FTC announces investigation into patent trolls in the US
Federal Trade Commission chairwoman Edith Ramirez announced that the FTC is launching an investigation into the potentially anti-competitive practices of patent trolls in the US
Ramirez made the announcement during a seminar on patent trolls and anti-competition law hosted in Washington DC by the Computer & Communications Industry Association and American Antitrust Institute.
The investigation is part of a coordinated crackdown on patent trolls by the Obama administration. It follows the announcement earlier this month of a White House plan to curb patent trolls, which will mainly be implemented through the USPTO. The plan was accompanied by a 17-page study by the National Economic Council and the Council of Economic Advisors and has been generally well-received by academics, industry and consumer advocate organisations.
Ramirez said the investigation will be held under Section 6b of the Federal Trade Commission Act, to “help develop a better understanding” of what she referred to as patent assertion entities (PAEs), which are popularly known as patent trolls.

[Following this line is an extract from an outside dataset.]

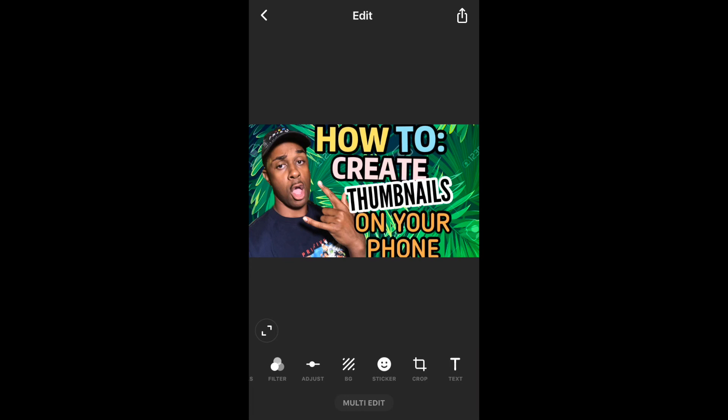Now that you've created your masterpiece, you want to go up in the top right-hand corner and select Save Photo, and that's the end of the process. It'll save your photo to your camera roll automatically, and now you have something to work with every time you create a YouTube video.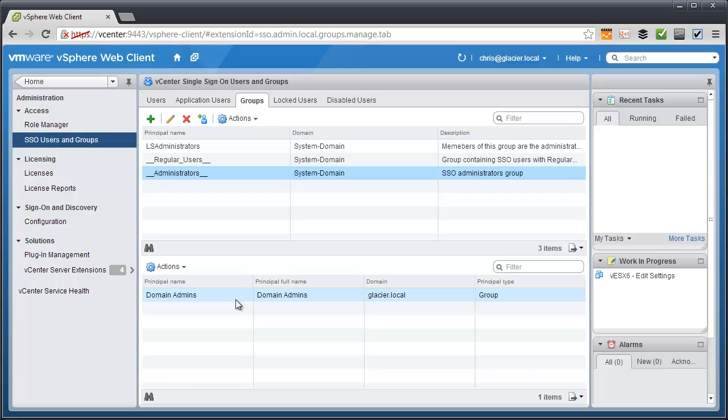I could add more groups to here, more entities here so that they become administrators of SSO. Or I could add Bob Sponge to be a domain admin. I don't really want to make Bob Sponge a domain admin. I just want to give him access to SSO.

She said that while the Commission still has “only snapshots of the cost of PAE activity”, early indications suggest that their benefits to innovation and the general public are greatly outweighed by their costs, which include shifting money away from research and development.
Between 2007 and 2012, the number of patent infringement lawsuits filed by trolls tripled, said Ramirez. Trolls now file the majority of patent infringement lawsuits in the US.
She said that PAE activity is also “changing shape”. Although IT is still the industry most targeted by trolls, data and anecdotal evidence collected by the FTC suggests that they now file half of all their lawsuits outside of the high tech sector.
Retailers are now the most common low tech sector targeted by trolls, and the FTC has had complaints from online retailers who have had to defend lawsuits against common features on their websites such as drop-down menus and shopping carts.
Small businesses have also increasingly become targets, with offline businesses such as coffee shops being sued for patent infringement for offering features like WiFi. Ramirez said the FTC plans to use Section 5 authority to protect small businesses against deceptive patent claims by trolls, such as attempting to secure settlements relating to expired patents or patents the troll has no rights to.
She said the Commission is also concerned about an increase in what she described as “hybrid PAE activity”, in which large corporations hide behind shell companies to engage in troll activities strategically targeting competitors.